In Depth "How the step-ca SSH world works"

[maraino]

Description

Perhaps because of Tiny CA blog post there has been discussions github about the use of SSH certificates, for windows and posix-like OSes. I've been describing more or less how step ssh config works, how step ssh proxycommand works and how to configure it to use your oidc provider, ...

For windows users I've been pointing to microsoft docs on how to install OpenSSH and active the ssh-agent.
Our current turorials on smallstep.com/docs are focussed on X.509 rather than SSH. We need to add some docs there describing all the steps required, and how you can configure a client and a host properly.
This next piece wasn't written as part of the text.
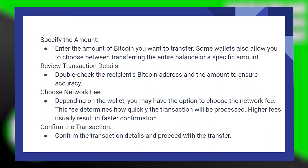Then enter the amount of Bitcoin you want to transfer. Some wallets also allow you to choose between transferring the entire balance or a specific amount. Then double-check the recipient's Bitcoin address and the amount to ensure accuracy.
And also add docs on how to configure the host if you don't have access to sshd_config. A user wants to use TinyCA to generate SSH certificatets, with help, his managed to generate SSH keys in yubikey and have that sign certificates, he wants to connect to HPC clusters with those certificates. Mike also helped with this.

See for example:

• HPC cluster host for SSH certificate/SSO authentication, possible to setup as a user and not admin? certificates#443
• How is 'step' used on the client side for admin work ? certificates#444

[dopey]

• Deep dive of how step ssh works.
• Client instructions for Windows openSSH + ssh-agent activation (could be just links to other resources)
• What to do if you don't have access to sshd (user level host config)

We should split Getting Started into Getting Started X509/TLS and Getting Started SSH and same for Core Concepts and Basic CA Operations pages.

[tashian]

I've started work on this in carl/ssh-intros.